# Jenji Kohan's 'Orange Is The New Black' Is Ready To Be Streamed This Weekend On Netflix



## keithlock (Feb 5, 2013)

_Weeds_ creator, Jenji Kohan, has put out a new series that people are apparently loving. It is a 'prison dramedy' called _Orange Is The New Black_, produced by Lionsgate Television. It's now available (since Thursday), in its entirety (all 13 eopisodes) on Netflix. I decided to restart my Netflix subscription just to binge on the series this weekend.








This is a drama specific to Netflix, bought and paid for by the company. It is exclusive to this streaming company and you can get access to all episodes for free if you don't already have an account. You can get a free trial, and plenty of time to watch the full series. If you already have an account, and it is just paused like mine was, you get exclusive access after you pay your 8 bucks.
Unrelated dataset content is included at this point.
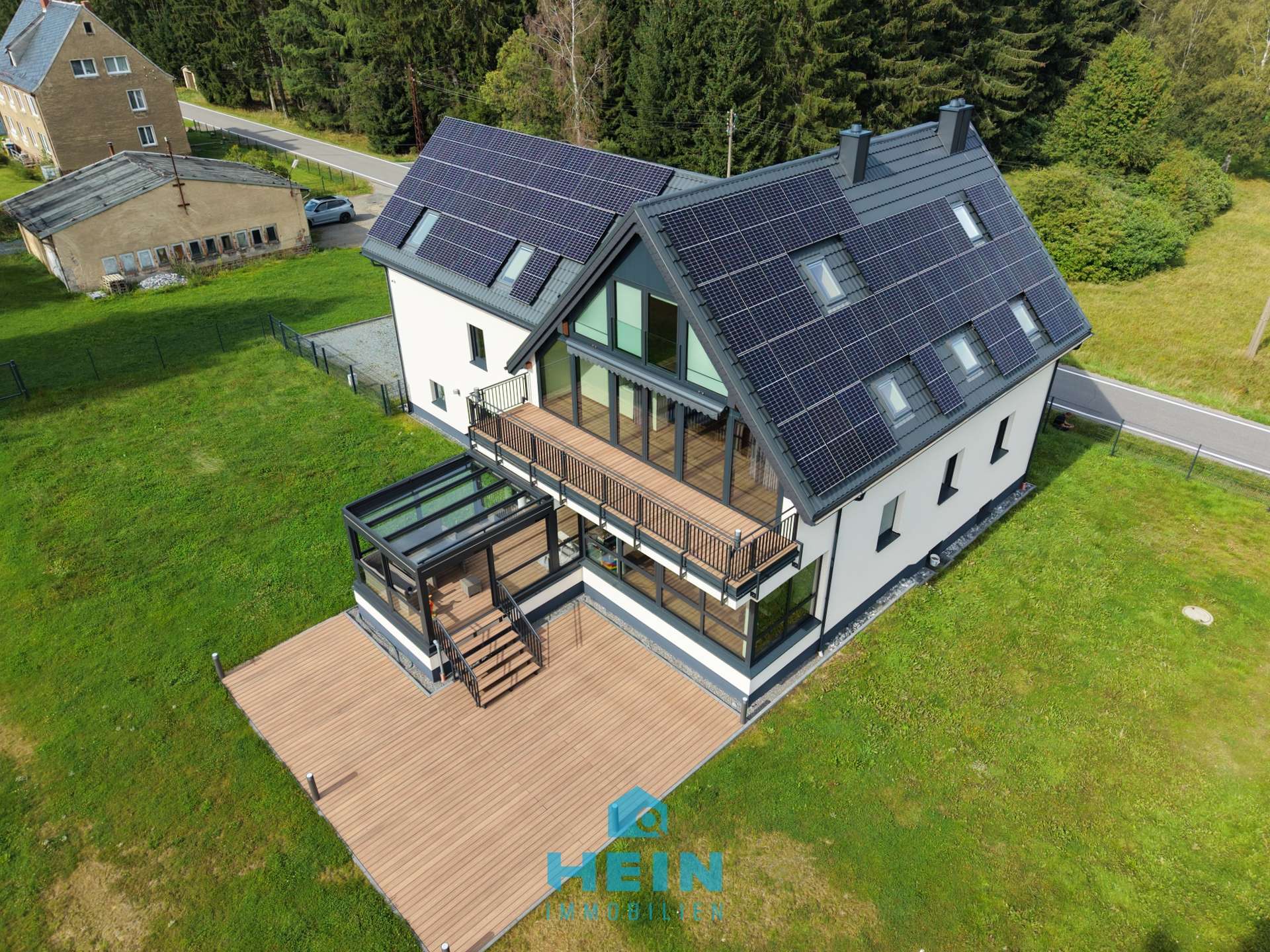 Liebe auf den ersten Blick – Ihr High-End-Traumhaus voller Freiheit & Luxus.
Just last month, Netflix renewed the series for a second season.

The show is based on the memoir of Piper Kerman, and more specifically, a year that she spent in a women's federal prison. The main character in the show is Piper Chapman, who pleads guilty for posession of drug money, tied to international drug smuggler Alex Vause. She was sentenced to serve 15 months in the prison.

*Orange Is The New Black Cast*

Main stars in the dramedy are Taylor Schilling who plays Piper amd her fiance Jason Biggs (who plays Larry Bloom). Laura Prepon (from That 70's Show) plays the role of Alex, who is the drug dealing ex-girlfriend to Piper.
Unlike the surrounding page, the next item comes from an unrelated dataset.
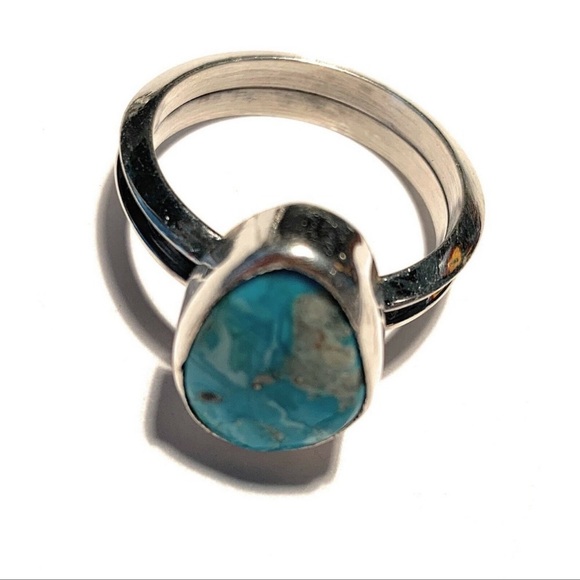 Sterling Silver Turquoise Ring size 9 - Picture 4 of 4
Other cast members include: Kate Mulgrew, Danielle Brooks, Michael Harney, Michelle Hurst, Maria Dizzia, Natasha Lyonne, Pablo Schreiber, and Lea DeLaria.

The main title theme song for the series is "You've Got Time" and was recorded by Regina Spektor.

'Liking' Orange Is The New Black on Facebook grants you access to sneak previews and other clips.

Currently there is a 4 out 5 star rating on Netflix for the series from 5,453 votes cast. More that 180 reviews are present, most are positive. The negative aspects of most of the comments are complaints asking for the next season.

Warning: Orange Is The Black is NOT a family show by HTS standards


----------



## fschris (Oct 31, 2009)

I will have to check this out.... Netflix has been putting out some awesome stuff. Cant wait for House of cards Season 2.


----------



## bambambam (Jul 22, 2013)

I just finished this series 
Its actually pretty good


----------



## bambambam (Jul 22, 2013)

House of Cards was phenomenal 
Cant wait for the new season!


----------



## Infrasonic (Sep 28, 2010)

I'm about 9 episodes in and I'm enjoying it :T


----------



## mechman (Feb 8, 2007)

I thought that this series was hilarious! I'm looking forward to next season. :T


----------



## fschris (Oct 31, 2009)

I think Netflix is going to revolutionize the way people watch TV.... I hope they can hang in there. I am sure this is not a cheap endeavor.


----------